◆ EXERCISE: Would you write out the listing verbatim and skip every picture in it?

◆ THE DATA:
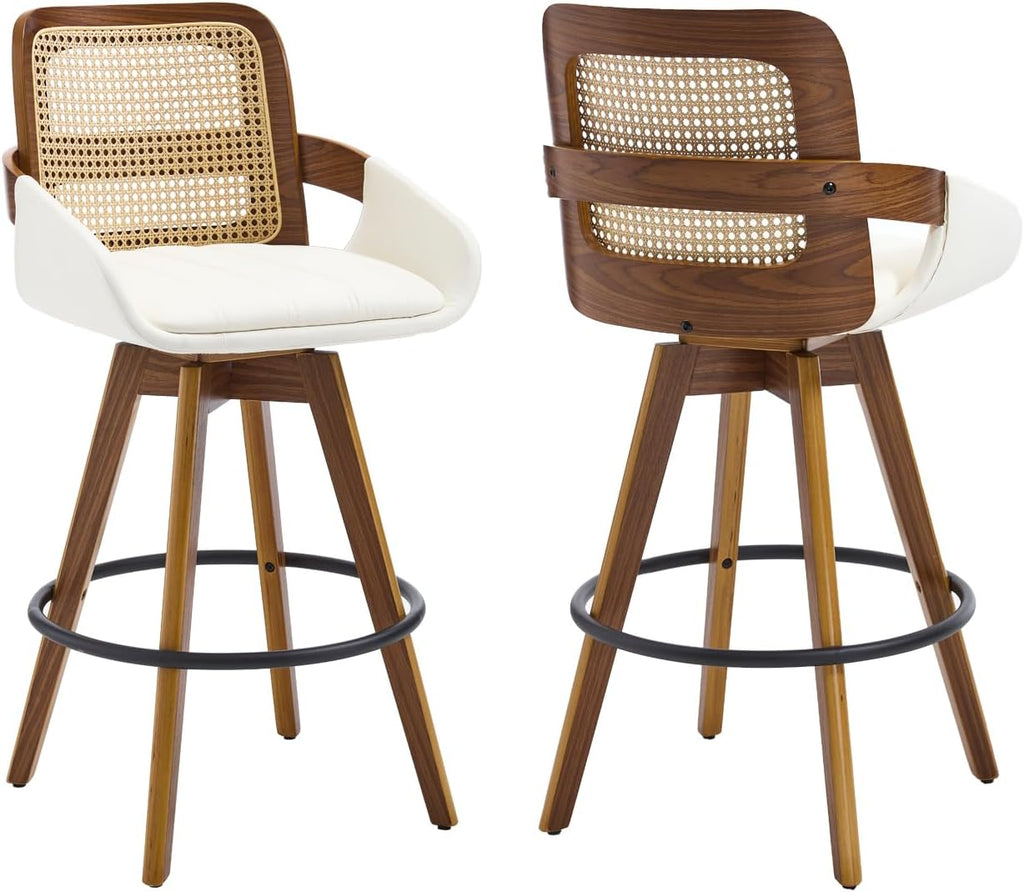 VipDesk 26" Swivel Counter Stools Set of 2 with Rattan Back, Cream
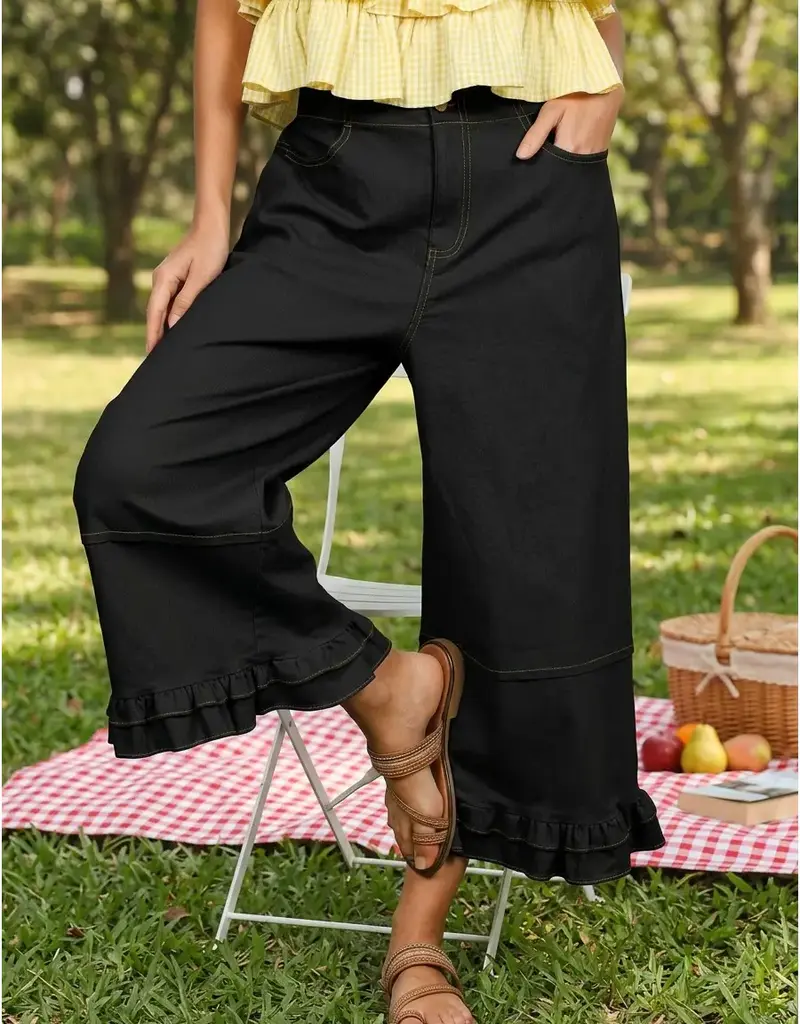 Rachel Casual Ruffle Hem Cropped Pant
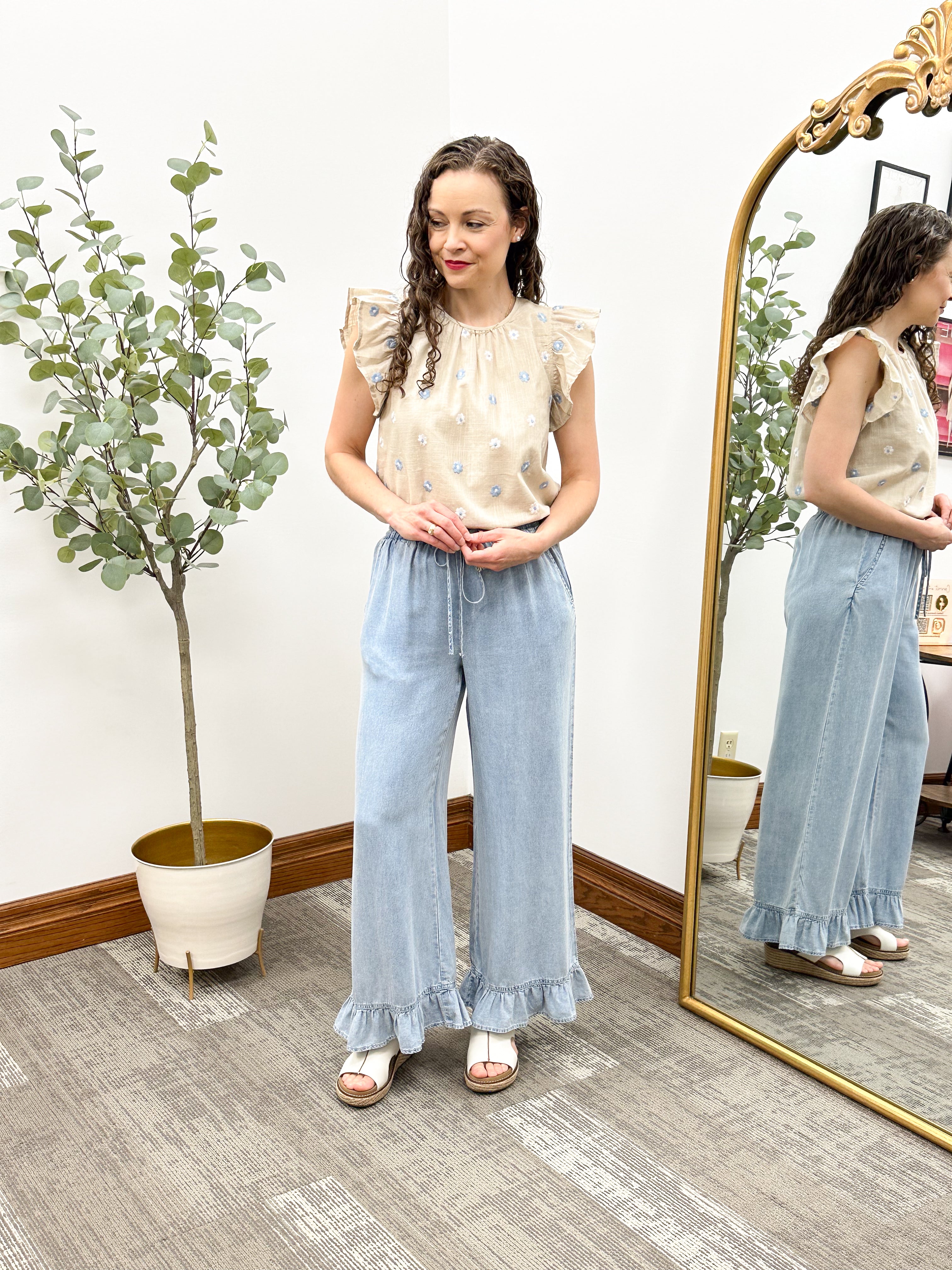 Blue Floral Embroidered Ruffle Sleeve Top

◆ RESULT BELOW:
 VipDesk 26" Swivel Counter Stools Set of 2 with Rattan Back, Cream
 Rachel Casual Ruffle Hem Cropped Pant
 Blue Floral Embroidered Ruffle Sleeve Top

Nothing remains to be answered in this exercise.